Bashar Assad nega ter usado armas químicas em ataque na Síria

Os planos de Barack Obama de intervir militarmente na Síria em resposta ao ataque com armas químicas nos subúrbios de Damasco, que matou mais de mil pessoas em agosto, estão sendo acompanhados “de perto” por Bashar Assad, de acordo com o jornalista Charlie Rose.

Em entrevista a Rose, o presidente sírio negou ter sido o mentor do ataque contra os civis de seu país. Assad afirmou ainda que está analisando cada passo da Casa Branca.

“Há uma clara sensação de que estão acompanhando de perto o que está acontecendo em Washington”, explicou o jornalista no programa “Face the Nation”, da rede de TV americana “CBS”, antecipando a entrevista que fez com Bashar Assad e que deve ir ao ar nesta segunda-feira.

Apesar de ainda não contar com o aval da maioria do Congresso, Obama tenta convencer, junto a membros de seu governo, democratas e republicanos da necessidade de um ataque militar na Síria. Os planos do Pentágono incluem um ataque de 72 horas por ar e por terra, segundo o jornal “Los Angeles Times”.

“Haverá diferentes rodadas de ataque e uma avaliação após cada uma delas, mas tudo em 72 horas e com uma indicação clara de quando for concluído”, afirmou um funcionário militar, que preferiu manter o anonimato, à agência de notícias EFE.

No sábado, outras duas fontes disseram ao mesmo “Los Angeles Times” que a Casa Branca pediu para aumentar o número de alvos a fim de incluir “muitos mais” do que os cerca de 50 previstos inicialmente.
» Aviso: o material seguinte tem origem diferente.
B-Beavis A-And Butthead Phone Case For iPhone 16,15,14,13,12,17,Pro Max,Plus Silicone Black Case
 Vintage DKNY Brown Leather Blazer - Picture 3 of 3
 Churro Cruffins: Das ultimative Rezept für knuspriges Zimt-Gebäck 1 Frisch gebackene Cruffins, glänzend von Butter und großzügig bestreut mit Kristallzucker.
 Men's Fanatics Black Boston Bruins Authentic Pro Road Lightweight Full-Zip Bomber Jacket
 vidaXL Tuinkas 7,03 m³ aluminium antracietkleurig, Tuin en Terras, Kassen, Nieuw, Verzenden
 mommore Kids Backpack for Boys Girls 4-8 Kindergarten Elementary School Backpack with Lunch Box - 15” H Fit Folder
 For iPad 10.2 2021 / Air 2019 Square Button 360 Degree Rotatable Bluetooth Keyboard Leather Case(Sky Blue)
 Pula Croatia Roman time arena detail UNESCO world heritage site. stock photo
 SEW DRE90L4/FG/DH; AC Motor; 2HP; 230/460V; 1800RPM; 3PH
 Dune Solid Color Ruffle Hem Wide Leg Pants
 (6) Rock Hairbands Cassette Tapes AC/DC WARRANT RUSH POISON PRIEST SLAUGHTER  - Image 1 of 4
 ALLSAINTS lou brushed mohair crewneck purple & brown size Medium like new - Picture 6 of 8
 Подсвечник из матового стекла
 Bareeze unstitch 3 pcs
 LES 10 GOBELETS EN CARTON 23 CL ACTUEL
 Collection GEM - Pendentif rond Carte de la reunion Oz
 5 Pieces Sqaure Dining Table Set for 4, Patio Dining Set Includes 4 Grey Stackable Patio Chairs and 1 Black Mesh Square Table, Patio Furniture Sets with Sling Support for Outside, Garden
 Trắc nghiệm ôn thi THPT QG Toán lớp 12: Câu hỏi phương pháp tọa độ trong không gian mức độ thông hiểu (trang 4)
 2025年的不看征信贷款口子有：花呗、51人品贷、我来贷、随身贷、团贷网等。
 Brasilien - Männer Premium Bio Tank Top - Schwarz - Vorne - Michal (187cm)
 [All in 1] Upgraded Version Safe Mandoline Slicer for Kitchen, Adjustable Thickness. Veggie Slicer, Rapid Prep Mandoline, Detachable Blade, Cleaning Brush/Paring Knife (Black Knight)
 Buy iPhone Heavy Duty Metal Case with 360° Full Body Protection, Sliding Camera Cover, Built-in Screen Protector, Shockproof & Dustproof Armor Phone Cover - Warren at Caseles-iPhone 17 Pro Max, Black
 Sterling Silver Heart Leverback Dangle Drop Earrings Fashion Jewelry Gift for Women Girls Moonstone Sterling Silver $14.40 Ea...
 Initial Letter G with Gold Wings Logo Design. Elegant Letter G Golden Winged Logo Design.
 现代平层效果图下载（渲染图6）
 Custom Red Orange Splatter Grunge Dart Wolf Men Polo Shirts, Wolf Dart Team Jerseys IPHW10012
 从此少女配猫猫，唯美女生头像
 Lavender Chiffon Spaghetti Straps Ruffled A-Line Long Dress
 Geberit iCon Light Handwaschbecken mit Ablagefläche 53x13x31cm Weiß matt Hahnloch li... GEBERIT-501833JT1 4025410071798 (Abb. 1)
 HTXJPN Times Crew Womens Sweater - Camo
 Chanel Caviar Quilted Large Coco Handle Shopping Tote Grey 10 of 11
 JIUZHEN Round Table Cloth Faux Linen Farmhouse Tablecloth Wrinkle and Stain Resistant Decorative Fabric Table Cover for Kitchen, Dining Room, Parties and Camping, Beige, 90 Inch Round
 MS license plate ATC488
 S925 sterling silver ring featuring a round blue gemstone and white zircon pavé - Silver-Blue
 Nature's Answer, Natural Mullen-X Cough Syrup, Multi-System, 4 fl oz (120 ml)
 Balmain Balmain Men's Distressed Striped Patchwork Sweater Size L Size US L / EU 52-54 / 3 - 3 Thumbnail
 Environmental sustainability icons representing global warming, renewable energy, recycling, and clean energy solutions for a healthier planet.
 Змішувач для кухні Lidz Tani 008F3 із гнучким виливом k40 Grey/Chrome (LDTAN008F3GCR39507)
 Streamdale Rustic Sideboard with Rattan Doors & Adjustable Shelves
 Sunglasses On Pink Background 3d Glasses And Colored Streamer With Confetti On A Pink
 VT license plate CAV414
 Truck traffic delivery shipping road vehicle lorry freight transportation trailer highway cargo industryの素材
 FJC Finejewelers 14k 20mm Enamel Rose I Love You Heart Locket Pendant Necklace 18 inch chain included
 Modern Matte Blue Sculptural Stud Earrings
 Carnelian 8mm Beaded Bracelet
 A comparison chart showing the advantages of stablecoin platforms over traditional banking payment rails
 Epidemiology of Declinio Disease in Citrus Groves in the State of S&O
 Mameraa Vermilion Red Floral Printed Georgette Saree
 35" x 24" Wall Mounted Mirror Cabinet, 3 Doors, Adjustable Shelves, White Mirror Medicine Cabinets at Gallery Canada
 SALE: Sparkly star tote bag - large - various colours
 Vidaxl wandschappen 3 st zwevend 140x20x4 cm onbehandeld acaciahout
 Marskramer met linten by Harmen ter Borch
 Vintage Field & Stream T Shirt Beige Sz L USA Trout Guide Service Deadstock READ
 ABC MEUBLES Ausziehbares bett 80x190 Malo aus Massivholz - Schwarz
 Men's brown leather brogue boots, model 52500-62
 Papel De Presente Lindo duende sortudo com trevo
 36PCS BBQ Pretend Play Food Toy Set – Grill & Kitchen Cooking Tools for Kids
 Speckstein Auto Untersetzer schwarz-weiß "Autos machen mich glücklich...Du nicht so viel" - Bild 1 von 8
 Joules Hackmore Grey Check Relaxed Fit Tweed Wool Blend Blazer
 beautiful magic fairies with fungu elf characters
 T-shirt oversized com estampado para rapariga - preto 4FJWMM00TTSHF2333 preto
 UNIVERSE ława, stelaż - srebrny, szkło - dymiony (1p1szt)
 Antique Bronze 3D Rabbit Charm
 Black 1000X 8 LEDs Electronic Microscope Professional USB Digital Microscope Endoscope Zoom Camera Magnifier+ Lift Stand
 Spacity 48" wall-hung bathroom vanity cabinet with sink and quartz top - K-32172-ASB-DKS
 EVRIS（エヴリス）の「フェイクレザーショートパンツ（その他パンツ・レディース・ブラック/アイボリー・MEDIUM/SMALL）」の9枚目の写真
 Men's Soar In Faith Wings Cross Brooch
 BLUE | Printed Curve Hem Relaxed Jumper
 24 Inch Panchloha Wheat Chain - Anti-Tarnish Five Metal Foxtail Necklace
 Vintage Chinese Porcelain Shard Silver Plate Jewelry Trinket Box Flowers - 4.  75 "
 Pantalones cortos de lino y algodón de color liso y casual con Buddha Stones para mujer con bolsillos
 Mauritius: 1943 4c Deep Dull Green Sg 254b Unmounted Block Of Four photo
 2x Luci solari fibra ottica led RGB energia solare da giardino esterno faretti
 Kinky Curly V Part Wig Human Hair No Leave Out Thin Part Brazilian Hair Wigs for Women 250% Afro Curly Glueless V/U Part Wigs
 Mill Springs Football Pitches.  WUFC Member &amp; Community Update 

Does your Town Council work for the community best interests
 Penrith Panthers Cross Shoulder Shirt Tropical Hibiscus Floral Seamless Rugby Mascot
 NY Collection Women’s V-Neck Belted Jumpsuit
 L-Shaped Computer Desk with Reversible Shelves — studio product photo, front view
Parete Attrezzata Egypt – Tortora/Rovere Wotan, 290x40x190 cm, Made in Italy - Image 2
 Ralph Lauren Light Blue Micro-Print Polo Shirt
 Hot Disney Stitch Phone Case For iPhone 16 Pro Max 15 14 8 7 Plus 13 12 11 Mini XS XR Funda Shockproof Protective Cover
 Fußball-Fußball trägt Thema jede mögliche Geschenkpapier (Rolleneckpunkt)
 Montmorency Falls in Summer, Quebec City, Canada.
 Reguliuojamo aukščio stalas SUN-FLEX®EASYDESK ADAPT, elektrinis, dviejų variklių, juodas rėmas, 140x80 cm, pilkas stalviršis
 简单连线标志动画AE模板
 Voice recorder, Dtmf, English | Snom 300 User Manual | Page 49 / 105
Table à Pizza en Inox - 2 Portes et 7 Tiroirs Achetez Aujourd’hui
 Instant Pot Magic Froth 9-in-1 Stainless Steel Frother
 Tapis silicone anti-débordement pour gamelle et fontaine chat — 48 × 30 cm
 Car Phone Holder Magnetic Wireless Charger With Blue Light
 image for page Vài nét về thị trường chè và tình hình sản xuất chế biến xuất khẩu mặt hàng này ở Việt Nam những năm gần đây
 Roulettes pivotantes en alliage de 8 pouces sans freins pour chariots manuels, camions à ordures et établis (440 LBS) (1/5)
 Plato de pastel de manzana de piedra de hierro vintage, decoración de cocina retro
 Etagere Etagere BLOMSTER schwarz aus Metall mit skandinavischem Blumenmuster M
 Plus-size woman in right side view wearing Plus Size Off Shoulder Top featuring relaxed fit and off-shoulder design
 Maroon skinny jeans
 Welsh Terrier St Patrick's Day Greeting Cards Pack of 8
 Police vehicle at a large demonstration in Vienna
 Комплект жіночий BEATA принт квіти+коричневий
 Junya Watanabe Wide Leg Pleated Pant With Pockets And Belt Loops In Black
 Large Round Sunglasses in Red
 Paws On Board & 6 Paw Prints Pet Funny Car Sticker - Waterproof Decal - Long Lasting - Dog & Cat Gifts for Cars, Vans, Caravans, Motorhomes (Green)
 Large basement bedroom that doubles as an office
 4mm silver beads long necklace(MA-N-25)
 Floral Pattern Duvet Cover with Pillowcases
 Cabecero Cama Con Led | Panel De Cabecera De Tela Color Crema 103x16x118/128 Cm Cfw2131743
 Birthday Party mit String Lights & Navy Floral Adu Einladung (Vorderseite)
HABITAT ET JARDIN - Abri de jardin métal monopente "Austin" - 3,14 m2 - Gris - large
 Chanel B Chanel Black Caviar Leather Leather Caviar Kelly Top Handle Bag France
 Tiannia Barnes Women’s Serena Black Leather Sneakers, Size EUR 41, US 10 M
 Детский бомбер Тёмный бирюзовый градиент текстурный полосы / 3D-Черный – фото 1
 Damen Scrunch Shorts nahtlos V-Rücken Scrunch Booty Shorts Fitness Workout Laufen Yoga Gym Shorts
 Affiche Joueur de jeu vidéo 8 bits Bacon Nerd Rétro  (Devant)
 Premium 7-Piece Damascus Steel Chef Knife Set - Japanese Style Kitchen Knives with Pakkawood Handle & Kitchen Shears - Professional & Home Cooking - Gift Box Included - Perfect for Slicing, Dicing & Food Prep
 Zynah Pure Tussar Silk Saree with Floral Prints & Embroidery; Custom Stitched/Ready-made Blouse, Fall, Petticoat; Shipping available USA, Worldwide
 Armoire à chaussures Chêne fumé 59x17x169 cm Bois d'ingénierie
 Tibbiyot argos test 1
Como resultado, afirmou a publicação, as autoridades do Pentágono estão estudando usar bombardeiros da Força Aérea, além de cinco navios de guerra já em patrulha no Mediterrâneo, para lançar mísseis de cruzeiro e mísseis ar-terra a centenas de quilômetros da costa, bem fora do alcance das forças de defesa da Síria.

NOVO ATAQUE
Neste domingo, a Coalizão Nacional Síria (CNFROS) denunciou um novo ataque com um “gás estranho” em Damasco, seguido por bombardeios. A ação teria atingido uma hidrelétrica localizada no rio Eufrates, no distrito de Deir ez Zor, leste do país.

O uso da substância, que aparentemente não contém material químico, mas pode causar paralisia, segundo ativistas e moradores da região, ocorreu durante um ataque do Exército do regime de Bashar Assad contra residências no bairro de Al Qabun, próximo ao centro de Damasco.

A ONU, por meio de seu porta-voz na capital síria, Khaled Masri, afirmou estar ciente da denúncia, mas não confirmou o ataque. De acordo com as informações da CNFROS, ninguém ficou ferido.